§ WORK TO BE COMPLETED:
When you copy the records, keep every word exact and leave the pictures out.

§ EXERCISE INPUT:

____________________

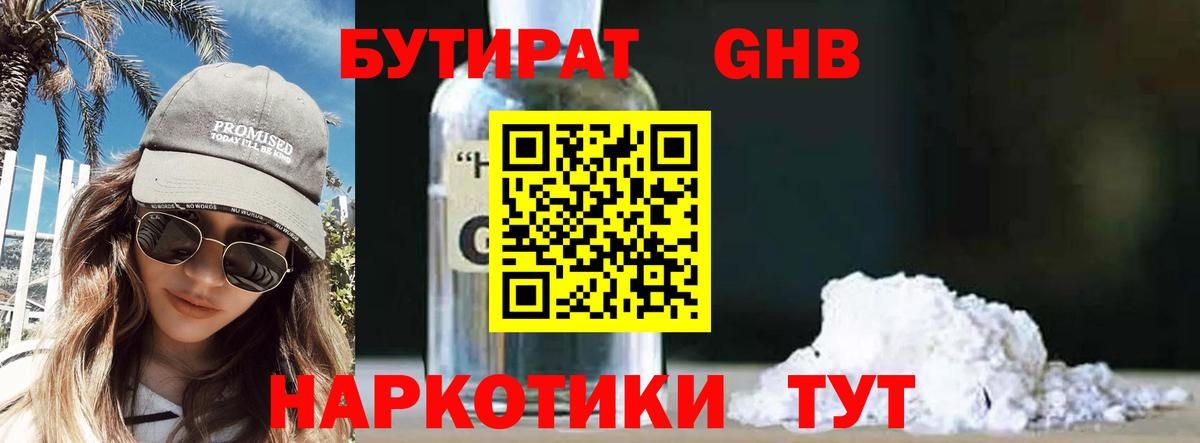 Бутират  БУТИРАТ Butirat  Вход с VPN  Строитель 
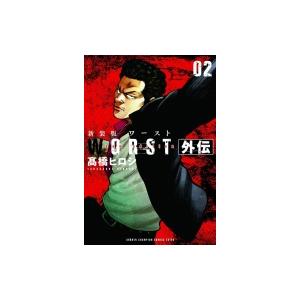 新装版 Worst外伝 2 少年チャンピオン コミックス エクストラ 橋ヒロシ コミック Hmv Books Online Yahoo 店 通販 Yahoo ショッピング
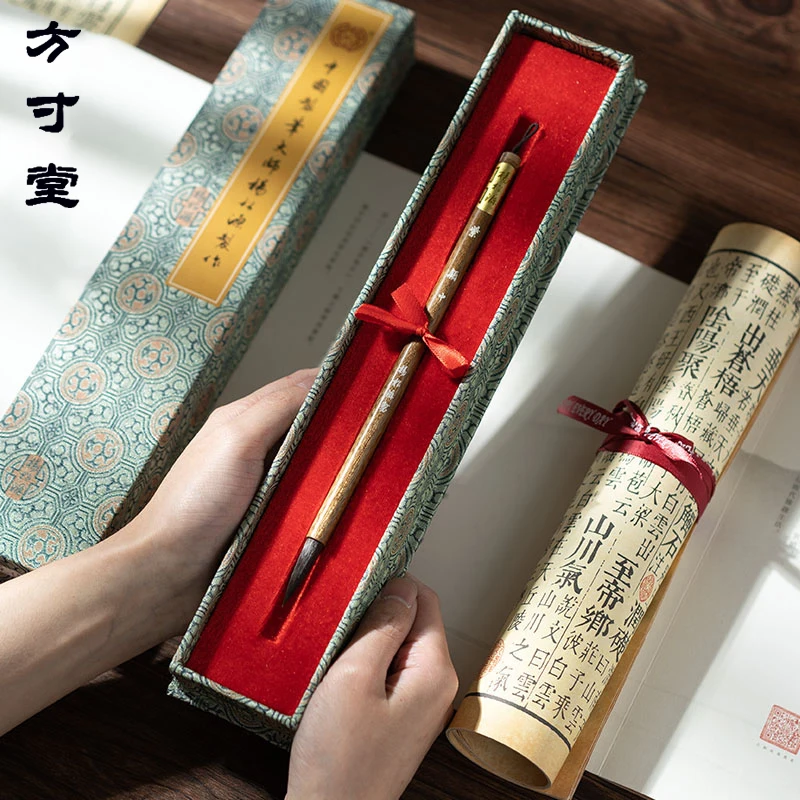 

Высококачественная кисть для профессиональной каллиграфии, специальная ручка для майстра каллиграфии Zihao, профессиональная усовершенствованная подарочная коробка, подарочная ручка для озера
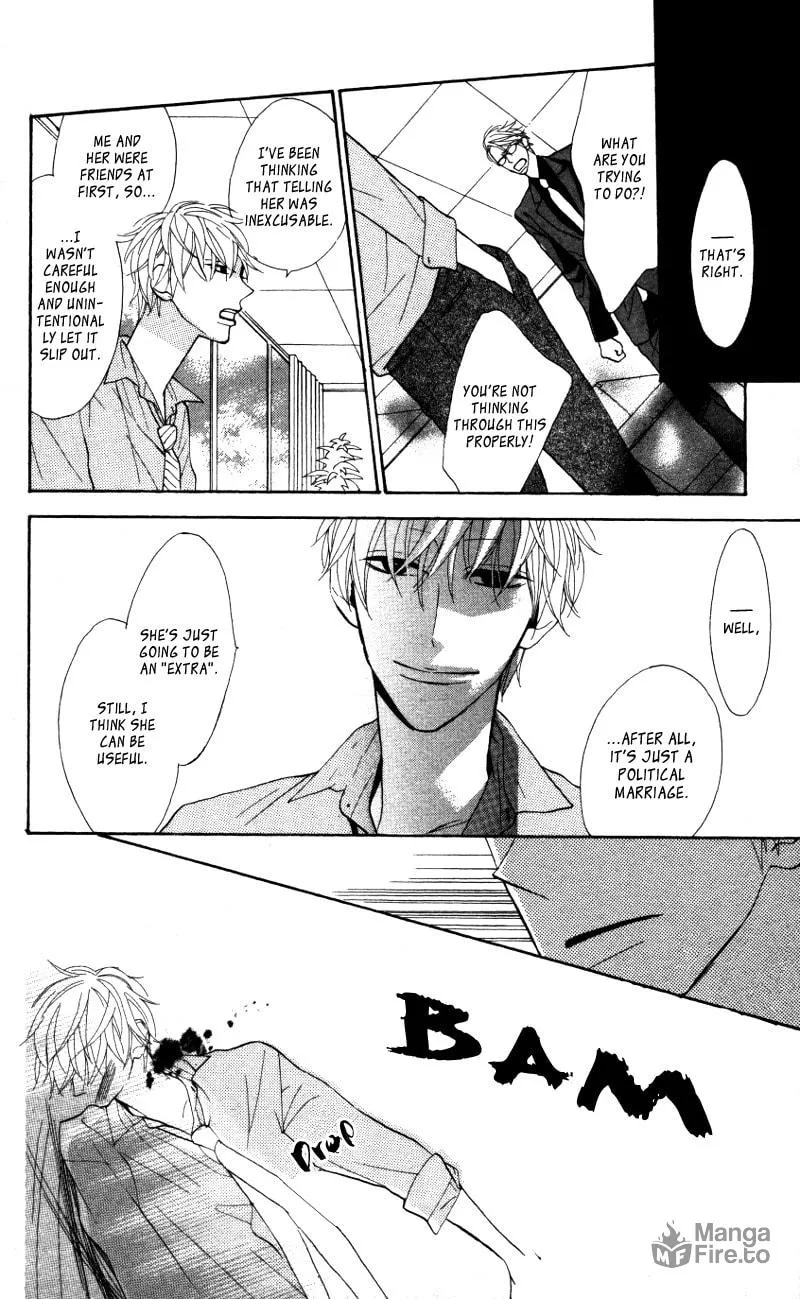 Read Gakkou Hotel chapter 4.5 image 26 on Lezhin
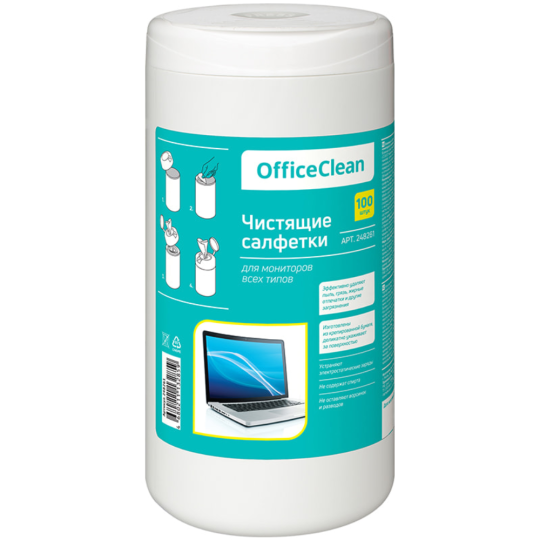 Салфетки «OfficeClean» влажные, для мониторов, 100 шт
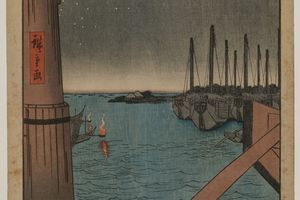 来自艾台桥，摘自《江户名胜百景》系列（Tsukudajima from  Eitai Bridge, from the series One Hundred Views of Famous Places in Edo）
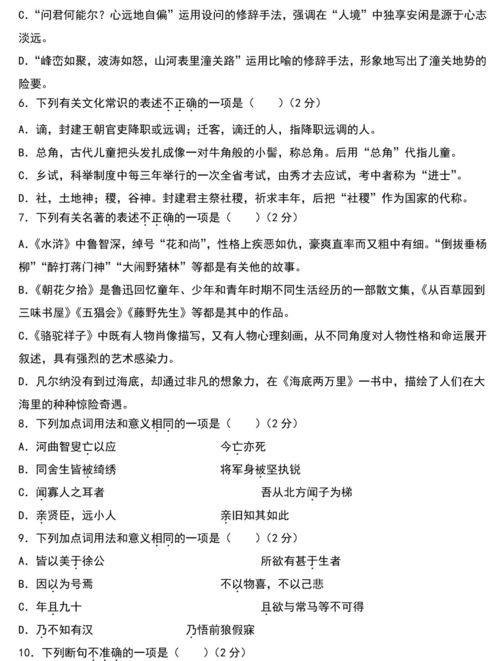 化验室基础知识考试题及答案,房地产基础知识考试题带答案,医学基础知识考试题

____________________

§ SOLUTION FOR THIS PROBLEM:
 Бутират  БУТИРАТ Butirat  Вход с VPN  Строитель 
 新装版 Worst外伝 2 少年チャンピオン コミックス エクストラ 橋ヒロシ コミック Hmv Books Online Yahoo 店 通販 Yahoo ショッピング

Высококачественная кисть для профессиональной каллиграфии, специальная ручка для майстра каллиграфии Zihao, профессиональная усовершенствованная подарочная коробка, подарочная ручка для озера
 Read Gakkou Hotel chapter 4.5 image 26 on Lezhin
 Салфетки «OfficeClean» влажные, для мониторов, 100 шт
 来自艾台桥，摘自《江户名胜百景》系列（Tsukudajima from  Eitai Bridge, from the series One Hundred Views of Famous Places in Edo）
 化验室基础知识考试题及答案,房地产基础知识考试题带答案,医学基础知识考试题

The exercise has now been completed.